THE TASK: From the first line through the line containing "Батарейки ENERGIZER LR20", transcribe the records exactly and include no other lines.

== Segment start ==

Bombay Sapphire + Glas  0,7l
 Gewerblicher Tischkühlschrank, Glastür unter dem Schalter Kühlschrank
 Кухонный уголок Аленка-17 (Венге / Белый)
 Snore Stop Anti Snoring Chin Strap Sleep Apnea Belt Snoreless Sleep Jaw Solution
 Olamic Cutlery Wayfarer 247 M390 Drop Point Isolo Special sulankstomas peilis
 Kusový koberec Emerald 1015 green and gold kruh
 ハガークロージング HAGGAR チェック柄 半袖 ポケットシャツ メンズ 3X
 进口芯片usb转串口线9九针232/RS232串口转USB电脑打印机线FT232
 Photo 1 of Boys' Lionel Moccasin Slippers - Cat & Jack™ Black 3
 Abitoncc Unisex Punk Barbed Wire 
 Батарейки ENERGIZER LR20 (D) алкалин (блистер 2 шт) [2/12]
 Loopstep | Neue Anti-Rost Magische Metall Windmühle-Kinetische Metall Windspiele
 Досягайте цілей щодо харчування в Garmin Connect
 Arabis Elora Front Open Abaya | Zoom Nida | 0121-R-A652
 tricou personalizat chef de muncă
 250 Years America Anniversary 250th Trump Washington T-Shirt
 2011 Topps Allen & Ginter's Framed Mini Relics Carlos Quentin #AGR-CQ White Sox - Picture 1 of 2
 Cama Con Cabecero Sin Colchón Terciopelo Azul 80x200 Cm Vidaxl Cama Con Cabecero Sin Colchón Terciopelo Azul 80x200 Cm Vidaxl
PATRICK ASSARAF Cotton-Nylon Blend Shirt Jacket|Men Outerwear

== Segment end ==

RESULT BELOW:
Bombay Sapphire + Glas  0,7l
 Gewerblicher Tischkühlschrank, Glastür unter dem Schalter Kühlschrank
 Кухонный уголок Аленка-17 (Венге / Белый)
 Snore Stop Anti Snoring Chin Strap Sleep Apnea Belt Snoreless Sleep Jaw Solution
 Olamic Cutlery Wayfarer 247 M390 Drop Point Isolo Special sulankstomas peilis
 Kusový koberec Emerald 1015 green and gold kruh
 ハガークロージング HAGGAR チェック柄 半袖 ポケットシャツ メンズ 3X
 进口芯片usb转串口线9九针232/RS232串口转USB电脑打印机线FT232
 Photo 1 of Boys' Lionel Moccasin Slippers - Cat & Jack™ Black 3
 Abitoncc Unisex Punk Barbed Wire 
 Батарейки ENERGIZER LR20 (D) алкалин (блистер 2 шт) [2/12]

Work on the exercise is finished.